Paul Colford, vice president and director of media relations for AP, said Friday that “the Associated Press’ stories were solidly reported and well-documented. We stand by them.”

Michael Karkoc’s family has suffered incalculable pain over the reports, his son said, calling them “evil, fabricated, intolerable and malicious.”

The family wanted to sue AP, but Karkoc said his father couldn’t mount legal action because he has Alzheimer’s disease.

“I would like to get these people in a court of law to inflict the pain we have gone through,” he said.

The younger Karkoc, a 61-year-old mortgage banker, said he applauds the German government’s decision. He offered a detailed account of his father’s military career that countered allegations from the AP stories.

He chided AP for its use of KGB investigative files from the 1960s, and repeatedly said the news organization and the government never had any documentation or witnesses to link his father with war crimes. He said his father joined the underground movement of the Defense Legion to defend his country against the Nazis.

Karkoc also discussed a war trial in Poland involving a soldier from Michael Karkoc’s unit who was accused of killing several dozen people. His father’s name was never mentioned during the proceedings, and he was cleared by the Canadian government of any wrongdoing in 1987, he said.

“He never went into hiding,” Karkoc said. “He was active in his community and president of his parish.”

In 2002, Michael Karkoc helped fund and construct a monument in Ukraine in honor of 12 people from the Defense Legion who were killed by the Nazis after their underground activities were exposed, he said.

Germany’s investigation started in earnest last year, when its federal Court of Justice said Karkoc’s service in the Defense Legion made him the “holder of a German office.” That gave Germany the legal right to prosecute him even though he is not German, and his alleged crimes were against non-Germans and not committed on German soil.

“They made up a legal reason to go after him,” Karkoc said. “These are the people who [perpetrated] the Holocaust.

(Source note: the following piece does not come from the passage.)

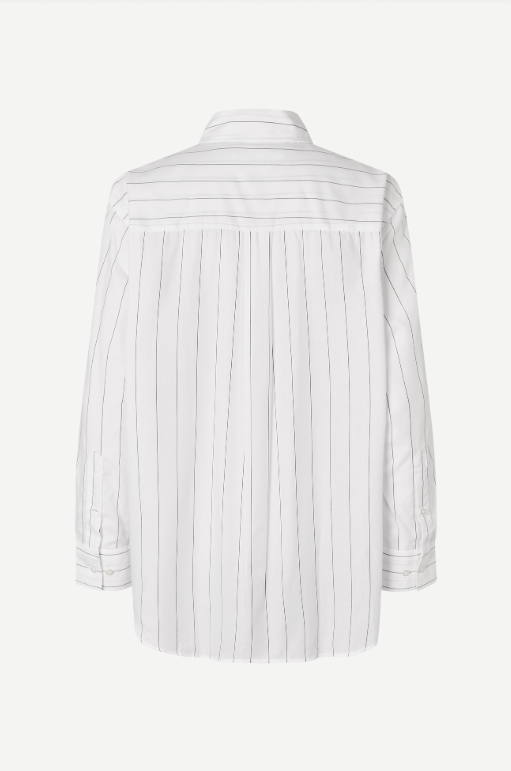Salova Shirt 15757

They are trying to get rid of their guilt.”

Within the past few months, Karkoc said an interpreter, an official from the Department of Homeland Security and Eli Rosenbaum, a top official with the Department of Justice’s special prosecution unit, visited his father’s house in Minneapolis several times.

Michael Karkoc didn’t speak to them, but his son told the group they had no proof against his father.

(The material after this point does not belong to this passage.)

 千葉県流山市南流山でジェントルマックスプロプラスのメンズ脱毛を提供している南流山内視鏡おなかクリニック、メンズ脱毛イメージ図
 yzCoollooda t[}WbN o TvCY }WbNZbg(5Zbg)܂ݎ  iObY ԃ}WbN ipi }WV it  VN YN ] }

Peter Carr, a spokesman with the Department of Justice, wouldn’t comment on the case Friday, but said his agency was aware of the allegations against Karkoc.

Several groups expressed disappointment Friday with Germany’s conclusion that Karkoc is unfit for trial.

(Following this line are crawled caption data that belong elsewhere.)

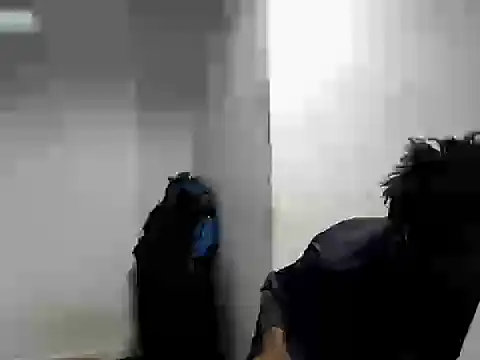 Mastertopdome online show from 03-04-26, 12:49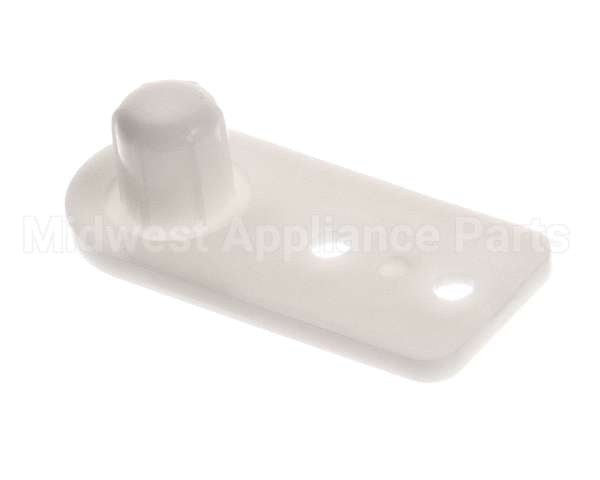 R375A-041 Saturn Stopper Door Left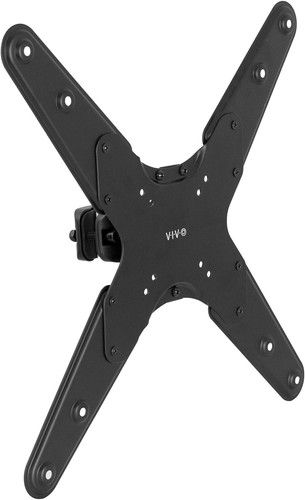 Vivo universal pole - vivo, 32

Steve Hunegs, executive director of the Jewish Community Relations Council for Minnesota and the Dakotas, said the Allied nations and ultimately Germany pledged to prosecute Nazi war criminals for as long as it took, consistent with due process.

“If the Germans believe Mr. Karkoc is medically unfit to stand trial, this will be a matter between Mr. Karkoc, his conscience and ultimately God,” he said.

Efraim Zuroff, the head Nazi hunter for the Simon Wiesenthal Center, questioned why the Department of Justice didn’t initiate deportation proceedings against Karkoc after the AP reports.

“They should have been aware of his presence in the United States a long time ago, and if they were aware and did not take any action, that’s very unfortunate, and I would say atypical, but it’s obviously a failure,” he said by telephone to AP from Lithuania.

Andriy Karkoc said Friday that he would tell his father the news after they had dinner, and then they plan to take a vacation. In a sad sort of way, he said, his father “outkicked the coverage” by living so long. He has few friends, and the sponsor who helped him emigrate to the United States died two years at age 104.

When he learned his father was being prosecuted, “it was never in my wildest dreams that I could imagine it would happen,” Karkoc said. It’s been difficult for the family, he said.

“All our lives will go on,” he said. “But we will never be able to recover.”